Image-text web data
━━━━
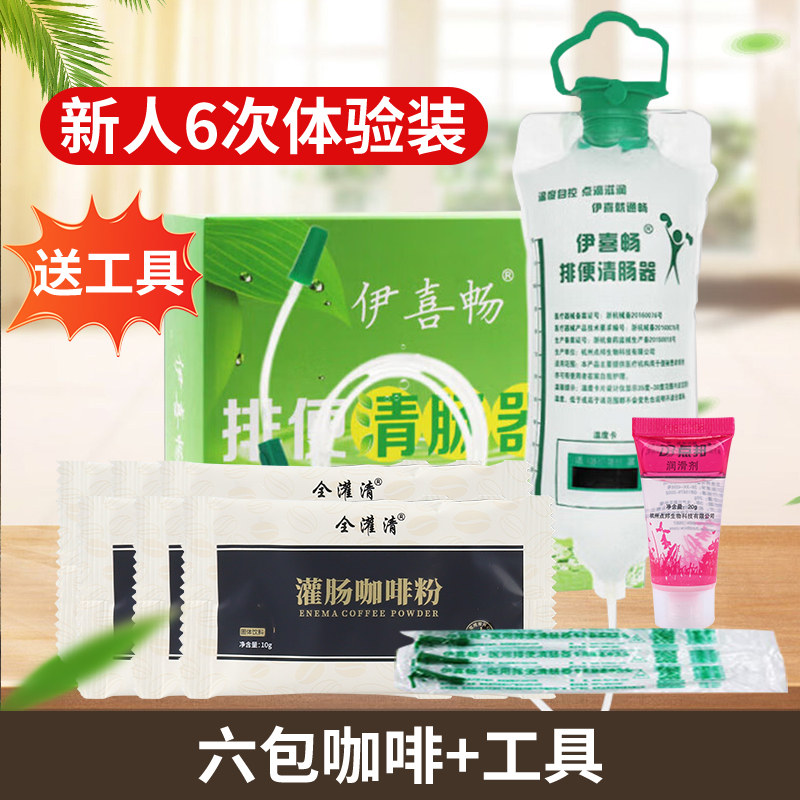 全灌清灌肠咖啡灌肠有机葛森专用
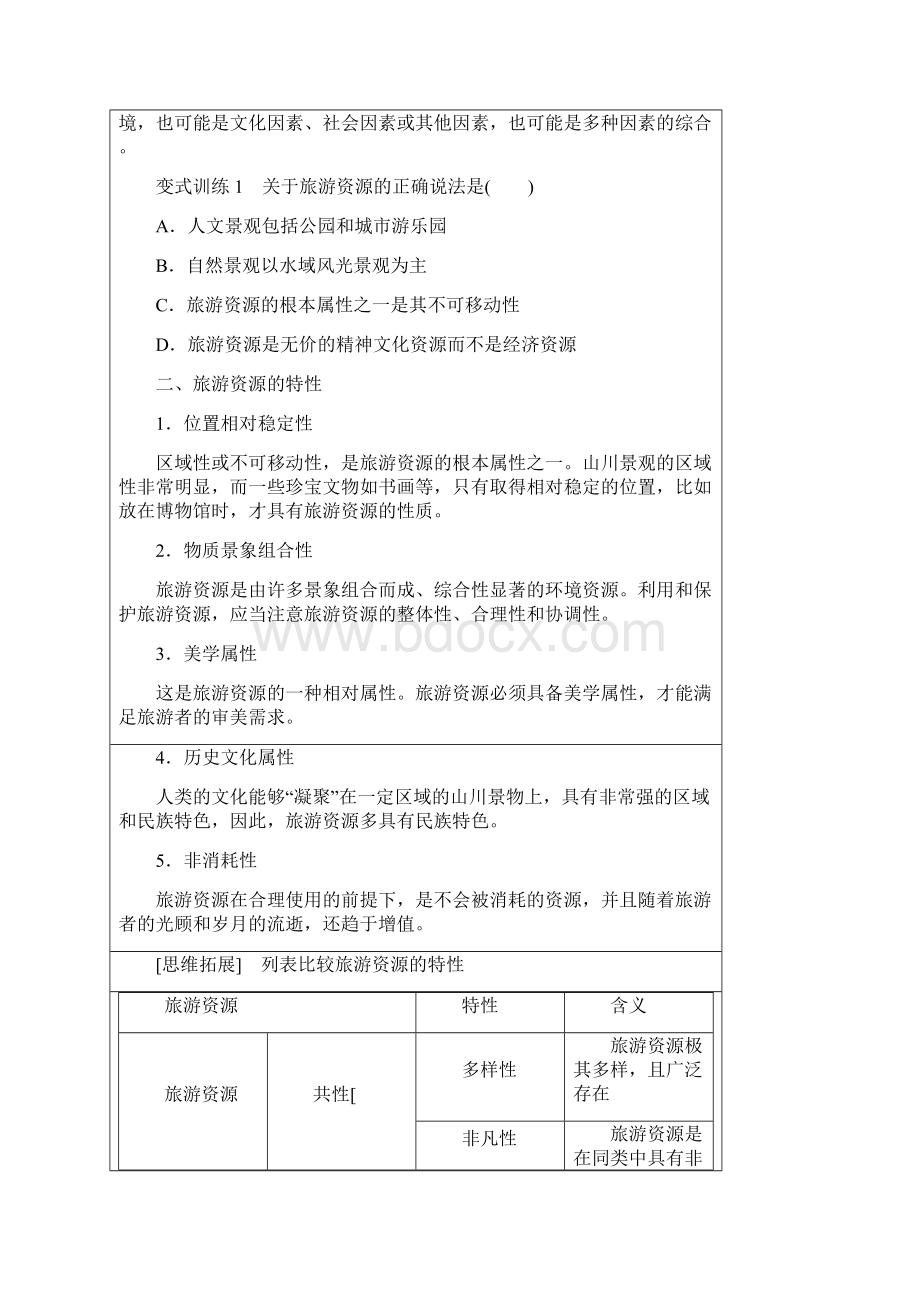 高中地理 12 旅游资源教案 湘教版选修3Word格式文档下载.docx_第3页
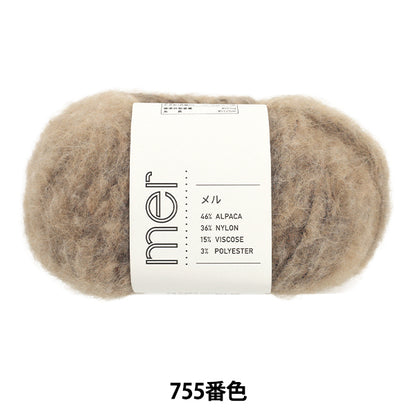 秋冬紗線 "梅尔755号色" SKIYARN滑雪板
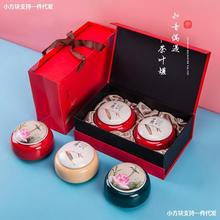半斤家用红精品包装普洱绿茶装密封罐通用陶瓷茶叶罐高档礼盒创意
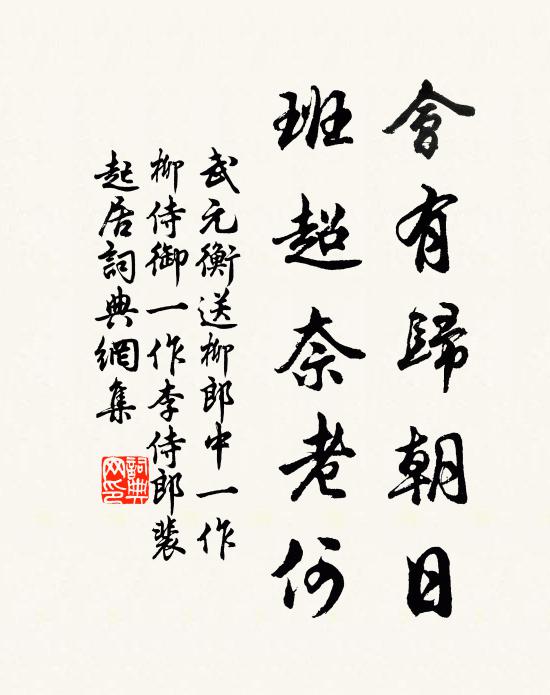 敬勤隨歲永,憂樂後先頻 詩詞名句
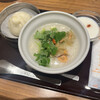 おかゆと麺のお店　粥餐庁 京王モール店 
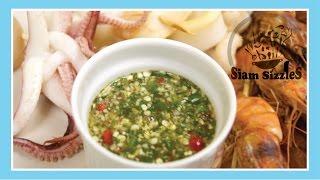 Thai Seafood Dipping Sauce Recipe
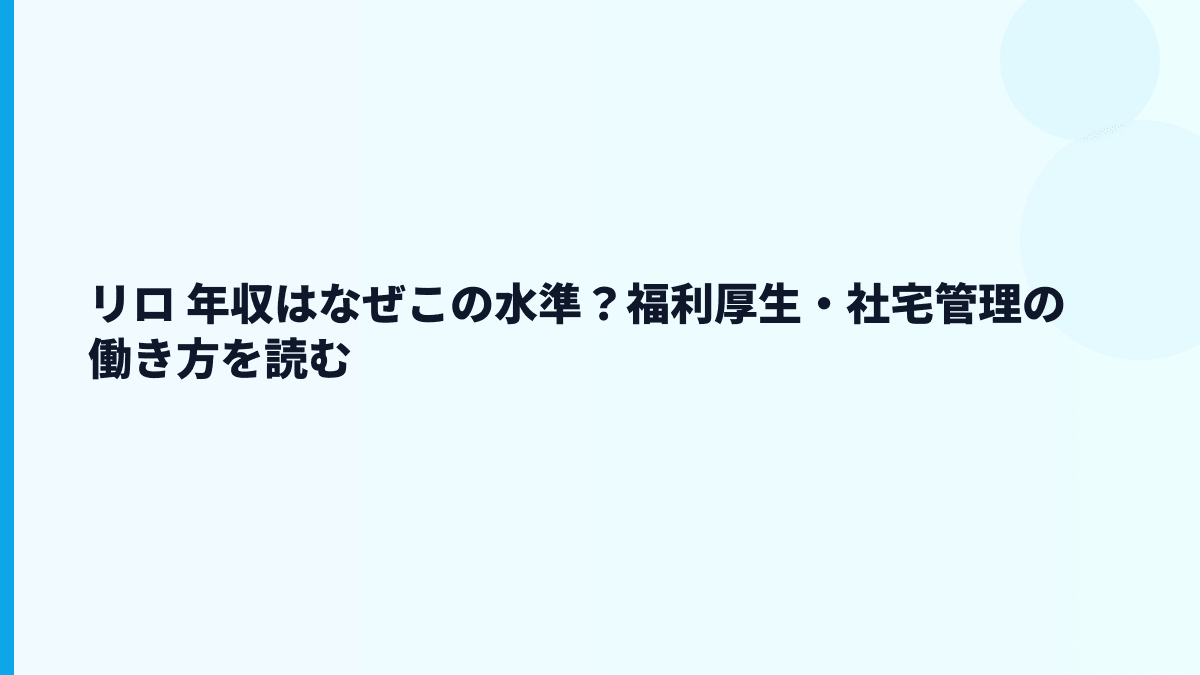 リロ 年収はなぜこの水準？福利厚生・社宅管理の働き方を読む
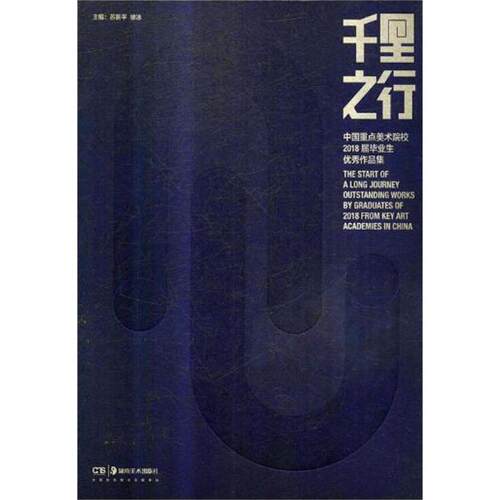 千里之行 中国重点美术院校2018届毕业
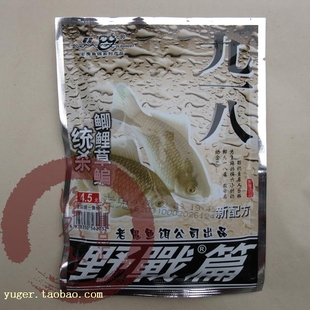 鲫鲤草鳊统杀 九一八野战篇110g 鱼饵 老鬼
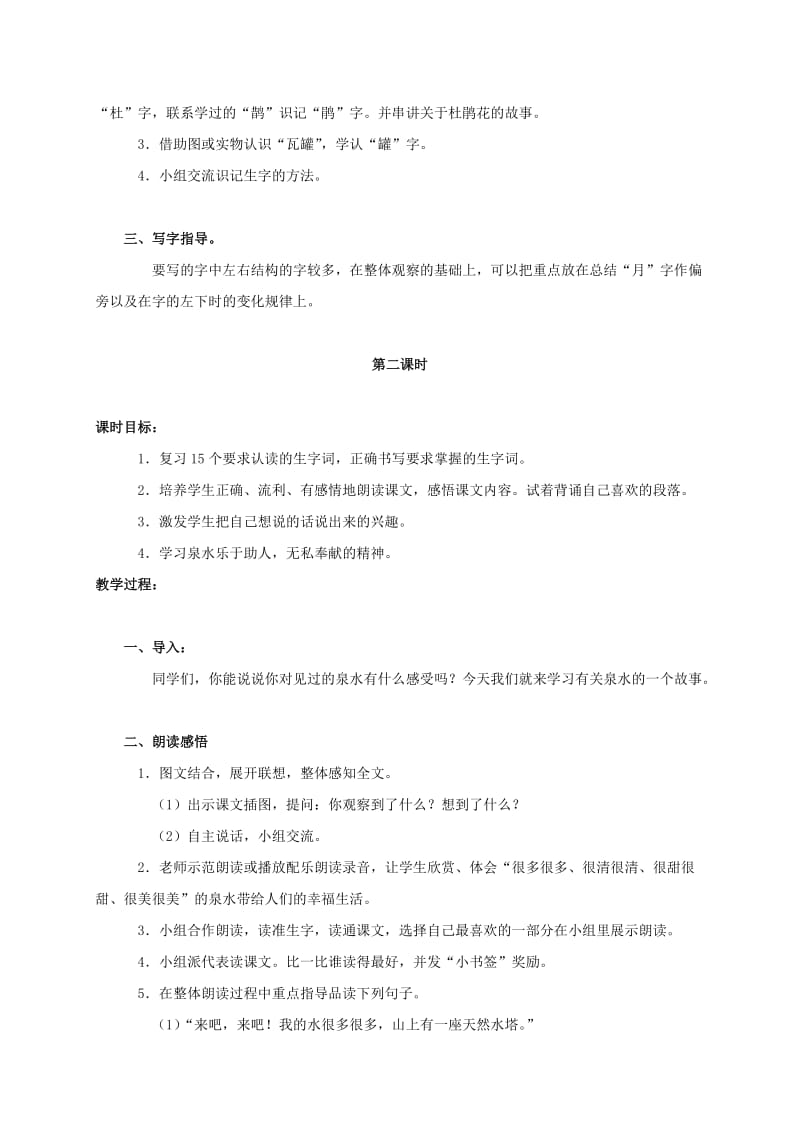 2019-2020年三年级语文上册 泉水 2教案 鄂教版.doc_第2页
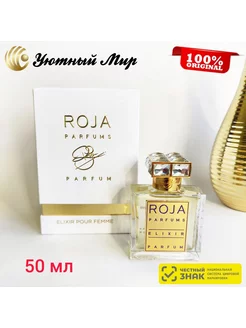 ELIXIR Pour Femme Parfum 50 ml духи женские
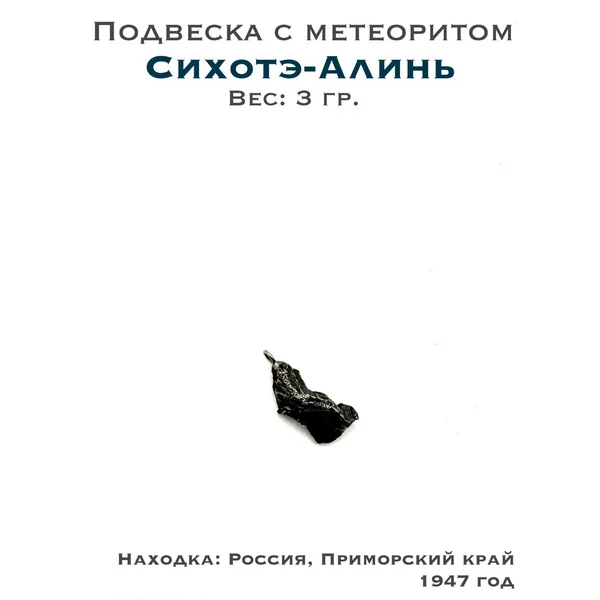 Подвеска с метеоритом Сихотэ-Алинь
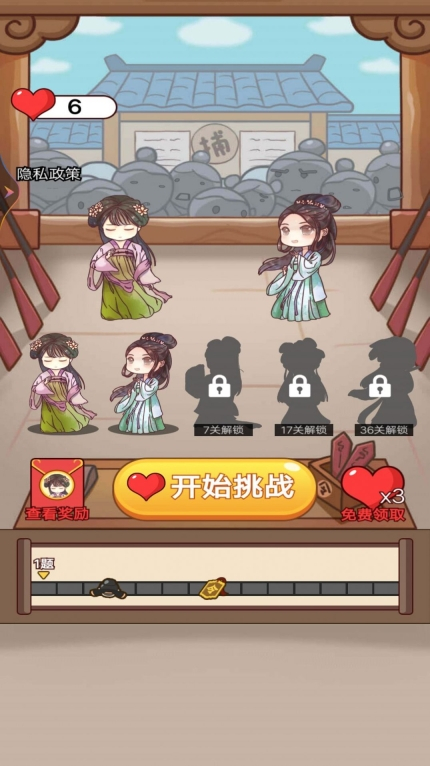 老爷断案贼溜最新版图3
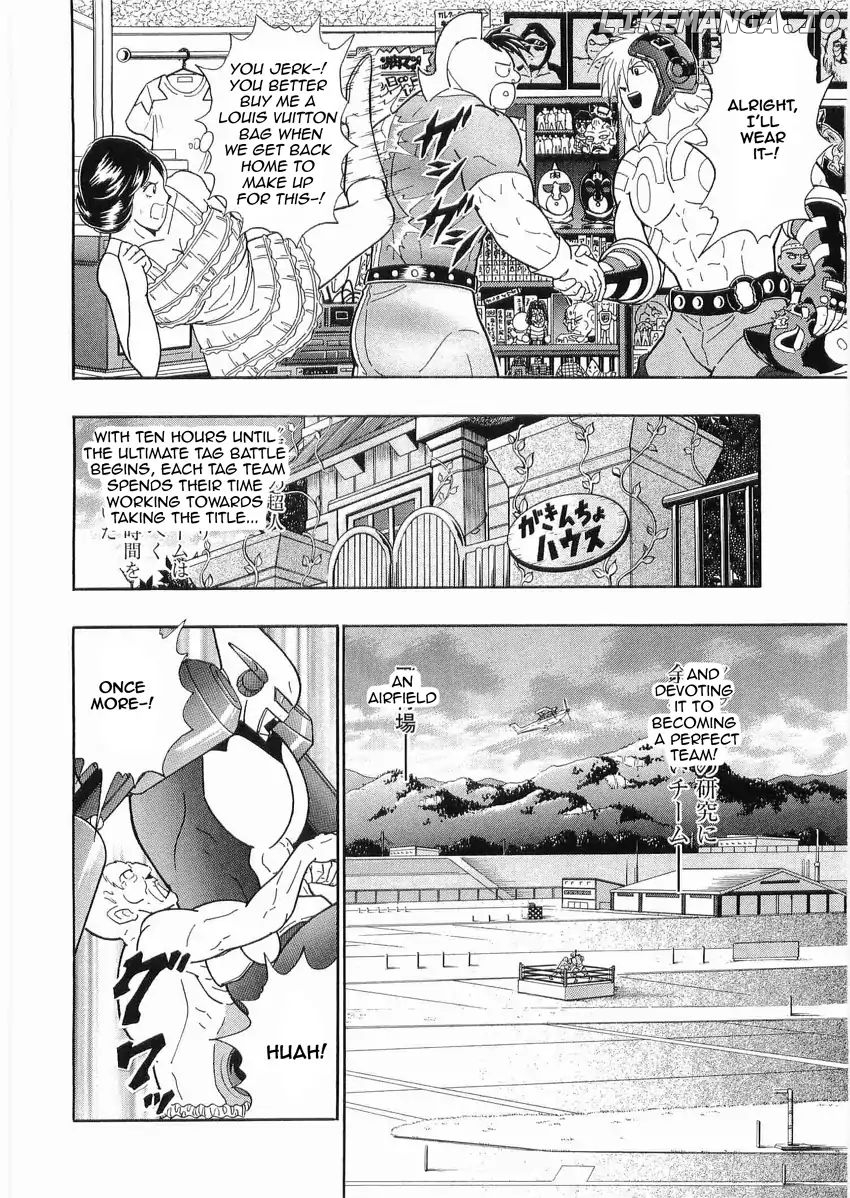 Kinnikuman II Sei - 2nd Generation Chapter 30 - page 12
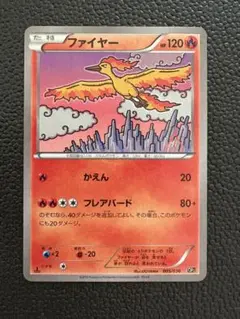 ポケモンカード ファイヤー HP120
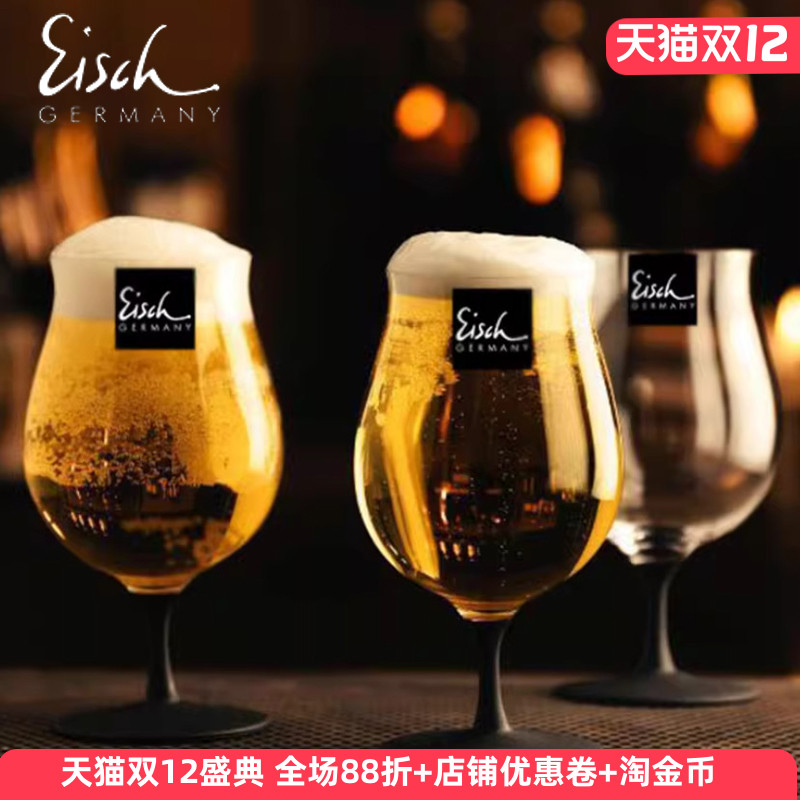 德国原装进口水晶玻璃啤酒杯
━━━━
Activity
What is needed is an exact restatement of the lines from the line with "老爷断案贼溜最新版图3" through the final line of the data, pictures excluded.

Answer below
 老爷断案贼溜最新版图3
 Kinnikuman II Sei - 2nd Generation Chapter 30 - page 12
 ポケモンカード ファイヤー HP120
 德国原装进口水晶玻璃啤酒杯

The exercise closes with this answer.